Nos adentramos por una calle estrecha. La nieve arreciaba, con la catedral en el horizonte. Era nuestra siguiente y penúltima parada. Caminamos ágiles, teléfono en mano. Había que llamar a casa. Había que ser sinceros. Éramos turistas mediterráneos, atenazados en medio de una ciudad nevada. La austeridad de la Frauenkirche choca con la grandiosidad de otras catedrales. Dentro de una gran cámara de iluminación tenue, llena de columnas sencillas y vidrieras apagadas, emerge la figura de Jesucristo, suspendido en el aire. Es el detalle más arriesgado que tan discreto templo se permite.
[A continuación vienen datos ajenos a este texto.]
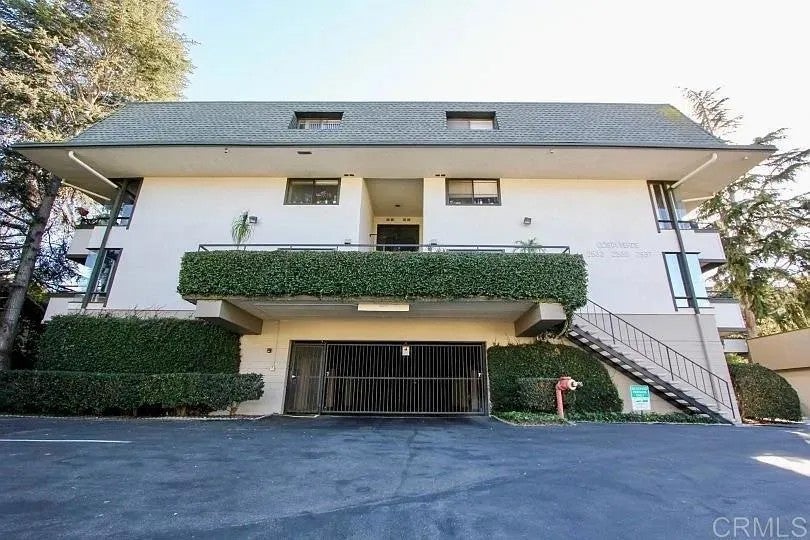 2537 Navarra Drive B11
La visión exterior nos deja ver una iglesia robusta, dominada por dos grandes torres de piedra, a las que sendas cúpulas verdes se encargan de coronar.
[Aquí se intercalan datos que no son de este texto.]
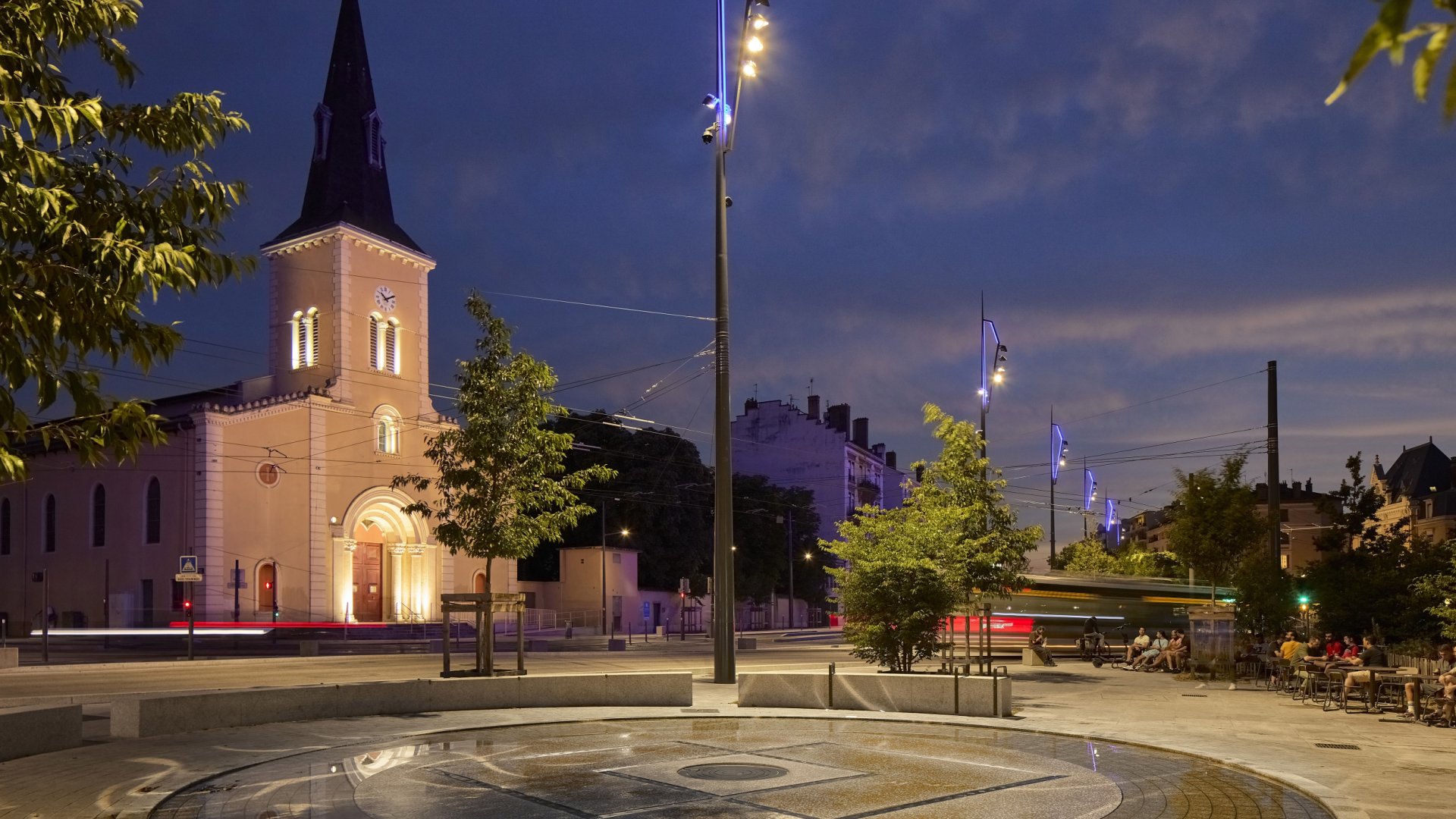 009_place_grandclement_villeurbanne_renaud_araud_hd_ps1.jpg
Cuando ya tomábamos el camino de regreso, no eran aún las seis de la tarde. Por el aspecto de la ciudad, parecía casi de noche. Poca gente por la calle, salvo en las tabernas. Chocamos, casi sin darnos cuenta, con la fachada más hermosa y colorista que vimos aquella tarde. Era la Asamkirche, una pequeña iglesia, cuya intimista capilla era custodiada por una reja inaccesible para el visitante. Intuimos un altar dorado, y unas paredes adornadas hasta el más mínimo detalle. Sus secretos, no obstante, serán el manjar de nuevos visitantes , o de nosotros mismos en otra ocasión.
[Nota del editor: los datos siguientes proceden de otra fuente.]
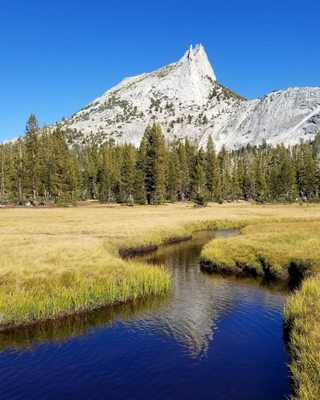 Cathedral Peak by null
El día terminaba antes de lo esperado. Mientras un español merienda, un alemán cena. Lo que para nosotros es el aperitivo de lo que será la noche, para ellos es la culminación. Llegamos a la Hofbrauhaus a media tarde. El templo de las tabernas. Mil plazas de capacidad, pero dos mil aspirantes a encontrar un sitio. En la oferta, cientos de visiones: Trajes típicos cubriendo cuerpos robustos, camareros curtidos en mil fiestas con cinco jarras a rebosar de cerveza en una sola mano, salchichas saliendo de la cocina, codillo con patatas a punto de ser devorado, jolgorio, brindis, canciones improvisadas, gritos de guerra, una banda tocando, y mil pasillos interminables en busca de un asiento. Fracasamos. La primera gran cerveza -chocolate caliente para Jaume- la tomamos en otra taberna, tranquila, anónima, en la que nuestra audacia nos dio un sitio difícil de lograr. El día moría. Con el toque de queda a la vuelta de la esquina, paramos a cenar en una hamburguesería. Fue rápido. No eran ni las ocho cuando llegamos a la habitación. Sólo el frío y las sombras resistían en la calle. Eso, y los cabarets. El agua caliente de la ducha dolió al contactar con mi frío cuerpo. Mi estampa era impropia de un turista. Pies enrojecidos, calcetines empapados, piel dolorida y ojos vidriosos. En la televisión, sólo un canal en español. Mis párpados caían mientras escribía parte de lo aquí presentado. Sólo unas palabras para terminar.
Buenas noches, Munich. Gute Nacht, München.